Recours entre constructeurs : finie la trichotillomanie ! Le délai de prescription enfin précisé.
Recours entre constructeurs : le délai de dix ans ne s’applique pas ! (3ème Civ, 16 janvier 2020, n° 18-25-915).
Les juristes d’entreprises et leurs avocats s’arrachaient les cheveux (trichotillomanie pour les intimes – vive l’infinité de l’apprentissage) : le recours entre constructeurs, dix ans à compter de la réception ou cinq ans ? Tout l’enjeu était d’éviter une prescription, à savoir une impossibilité d’être garanti d’une condamnation par un autre constructeur de la même opération.
En ce début d’année 2020, la Cour de Cassation leur a enfin évité d’être trop dégarni en tranchant une divergence entre les Cours d’Appel.
Jusqu’à présent, certaines juridictions estimaient qu’il devait être fait application de l’article 1792-4-3 du Code Civil qui dispose qu’en-dehors des actions régies par les articles 1792-3 (garantie de bon fonctionnement), 1792-4-1 (garantie décennale) et 1792-4-2 (actions contre le sous-traitant), les actions en responsabilité dirigées contre les constructeurs et leurs sous-traitants se prescrivent par dix ans à compter de la réception des travaux.
D’autres Cours d’Appels considéraient que les recours entre constructeurs étaient régis par l’article 2224 du Code Civil, selon lequel les actions personnelles ou mobilières se prescrivent par cinq ans à compter du jours où le titulaire d’un droit a connu ou aurait dû connaître les faits lui permettant de l’exercer, à savoir le délai de prescription de droit commun.
Selon que vous étiez d’un côté ou de l’autre de la barre, vous argumentiez selon l’une ou l’autre des positions des Cours d’Appel.
Le Grand Juge a enfin tranché : les recours entre constructeurs sont soumis à l’article 2224 du Code Civil, soit au délai de cinq ans.
L’arrêt est exceptionnellement très didactique. La Cour de Cassation nous rappelle aimablement que les articles 1792 et suivants du Code Civil sont inclus dans un chapitre consacré aux contrats de louage d’ouvrage, qui n’a vocation à s’appliquer qu’aux actions en responsabilité dirigées par le maître de l’ouvrage contre les constructeurs ou leurs sous-traitants.
Elle souligne également que fixer la date de réception comme point de départ du délai de prescription de l’action d’un constructeur contre un autre constructeur pourrait avoir pour effet de priver le premier, lorsqu’il est assigné par le maître de l’ouvrage en fin de délai, du droit d’accès à un juge. Si le maître d’ouvrage vous assigne 9 ans, 11 mois et 3 semaines après la réception (si, si, ça arrive), vous n’avez pas le temps d’appeler en cause les autres constructeurs.
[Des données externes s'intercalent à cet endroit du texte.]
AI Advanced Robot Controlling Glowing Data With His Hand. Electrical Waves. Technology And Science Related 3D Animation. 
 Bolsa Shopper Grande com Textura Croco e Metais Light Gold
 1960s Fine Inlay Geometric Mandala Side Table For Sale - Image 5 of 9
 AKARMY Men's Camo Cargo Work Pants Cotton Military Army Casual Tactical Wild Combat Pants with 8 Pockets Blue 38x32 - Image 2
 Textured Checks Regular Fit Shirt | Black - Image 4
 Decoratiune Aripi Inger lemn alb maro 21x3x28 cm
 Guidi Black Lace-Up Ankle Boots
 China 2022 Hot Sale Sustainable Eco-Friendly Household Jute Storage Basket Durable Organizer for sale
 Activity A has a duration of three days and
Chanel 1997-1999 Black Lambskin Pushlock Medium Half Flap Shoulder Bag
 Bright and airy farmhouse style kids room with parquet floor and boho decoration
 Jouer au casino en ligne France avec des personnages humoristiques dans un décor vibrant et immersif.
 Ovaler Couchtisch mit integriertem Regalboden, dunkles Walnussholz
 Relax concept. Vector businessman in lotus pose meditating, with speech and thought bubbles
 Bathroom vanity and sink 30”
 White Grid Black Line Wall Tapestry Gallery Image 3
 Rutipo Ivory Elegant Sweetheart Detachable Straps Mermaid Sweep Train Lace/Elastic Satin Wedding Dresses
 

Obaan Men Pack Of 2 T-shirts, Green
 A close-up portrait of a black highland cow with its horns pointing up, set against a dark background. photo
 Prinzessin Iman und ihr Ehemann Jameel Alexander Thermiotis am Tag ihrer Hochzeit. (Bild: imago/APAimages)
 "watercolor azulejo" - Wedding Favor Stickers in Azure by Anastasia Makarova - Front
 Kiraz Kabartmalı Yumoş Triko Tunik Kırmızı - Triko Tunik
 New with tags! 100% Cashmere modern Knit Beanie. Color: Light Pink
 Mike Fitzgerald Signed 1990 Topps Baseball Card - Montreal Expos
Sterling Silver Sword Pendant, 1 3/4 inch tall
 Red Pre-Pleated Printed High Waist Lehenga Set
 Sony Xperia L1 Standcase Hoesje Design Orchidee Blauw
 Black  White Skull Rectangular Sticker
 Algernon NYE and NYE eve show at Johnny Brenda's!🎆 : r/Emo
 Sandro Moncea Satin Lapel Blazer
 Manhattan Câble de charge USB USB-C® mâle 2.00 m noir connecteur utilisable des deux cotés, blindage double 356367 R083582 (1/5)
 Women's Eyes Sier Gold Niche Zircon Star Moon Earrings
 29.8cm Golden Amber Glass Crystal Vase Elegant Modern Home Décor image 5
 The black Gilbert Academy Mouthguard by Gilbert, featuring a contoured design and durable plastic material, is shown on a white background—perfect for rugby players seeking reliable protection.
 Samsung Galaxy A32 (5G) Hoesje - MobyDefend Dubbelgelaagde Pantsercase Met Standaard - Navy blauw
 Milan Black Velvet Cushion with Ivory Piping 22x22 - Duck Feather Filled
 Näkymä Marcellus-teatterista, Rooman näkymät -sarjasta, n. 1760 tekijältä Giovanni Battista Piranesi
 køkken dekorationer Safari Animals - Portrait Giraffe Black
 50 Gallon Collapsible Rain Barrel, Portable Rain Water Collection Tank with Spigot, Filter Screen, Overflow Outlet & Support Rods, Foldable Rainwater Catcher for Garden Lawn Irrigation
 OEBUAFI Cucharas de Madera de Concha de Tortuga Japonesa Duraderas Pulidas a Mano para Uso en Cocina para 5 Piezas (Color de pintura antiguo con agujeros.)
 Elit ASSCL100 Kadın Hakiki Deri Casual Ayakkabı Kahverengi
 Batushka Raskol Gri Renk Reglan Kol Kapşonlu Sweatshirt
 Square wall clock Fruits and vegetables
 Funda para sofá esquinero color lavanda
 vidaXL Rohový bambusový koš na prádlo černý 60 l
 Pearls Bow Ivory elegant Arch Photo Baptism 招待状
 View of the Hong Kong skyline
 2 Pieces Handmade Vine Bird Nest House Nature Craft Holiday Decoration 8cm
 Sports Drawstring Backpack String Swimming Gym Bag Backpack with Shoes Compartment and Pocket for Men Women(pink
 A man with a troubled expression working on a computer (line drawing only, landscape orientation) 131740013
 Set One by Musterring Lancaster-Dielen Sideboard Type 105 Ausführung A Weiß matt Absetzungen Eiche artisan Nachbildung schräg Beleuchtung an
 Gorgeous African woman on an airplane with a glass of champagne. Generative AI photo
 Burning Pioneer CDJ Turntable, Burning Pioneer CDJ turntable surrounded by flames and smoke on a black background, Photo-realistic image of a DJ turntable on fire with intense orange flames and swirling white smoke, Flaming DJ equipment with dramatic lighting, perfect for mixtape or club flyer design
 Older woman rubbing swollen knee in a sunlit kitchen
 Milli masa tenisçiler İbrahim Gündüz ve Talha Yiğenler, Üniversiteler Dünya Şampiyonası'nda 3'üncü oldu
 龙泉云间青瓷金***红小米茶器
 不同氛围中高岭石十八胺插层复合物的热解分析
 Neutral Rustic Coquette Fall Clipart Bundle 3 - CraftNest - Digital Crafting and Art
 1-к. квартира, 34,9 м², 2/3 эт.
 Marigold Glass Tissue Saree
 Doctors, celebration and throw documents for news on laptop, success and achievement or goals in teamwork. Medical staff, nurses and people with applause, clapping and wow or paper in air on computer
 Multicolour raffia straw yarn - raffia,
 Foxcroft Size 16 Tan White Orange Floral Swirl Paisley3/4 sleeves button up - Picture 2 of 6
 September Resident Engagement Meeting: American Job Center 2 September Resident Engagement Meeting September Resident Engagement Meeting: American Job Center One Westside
La Cour de Cassation nous enseigne qu’en définitive, le recours d’un constructeur contre un autre constructeur ou son sous-traitant relève des dispositions de l’article 2224 du Code Civil, et qu’il se prescrit donc par cinq ans, en général à compter de l’assignation en référé expertise délivrée par le maître d’ouvrage à l’entrepreneur principal.
Je rappelle que la Cour de Cassation est un degré de juridiction et qu’elle ne s’auto-saisit pas, si bien que lorsque nous autres juristes râlons qu’elle n’a pas encore adopté de position, c’est parce qu’aucun de nous ne l’a encore saisie… Donc merci à celui qui a porté son litige devant elle ! (Et navrée pour le carreleur et son assureur dans l’arrêt, qui finalement n’échapperont pas à l’action en garantie de l’architecte…).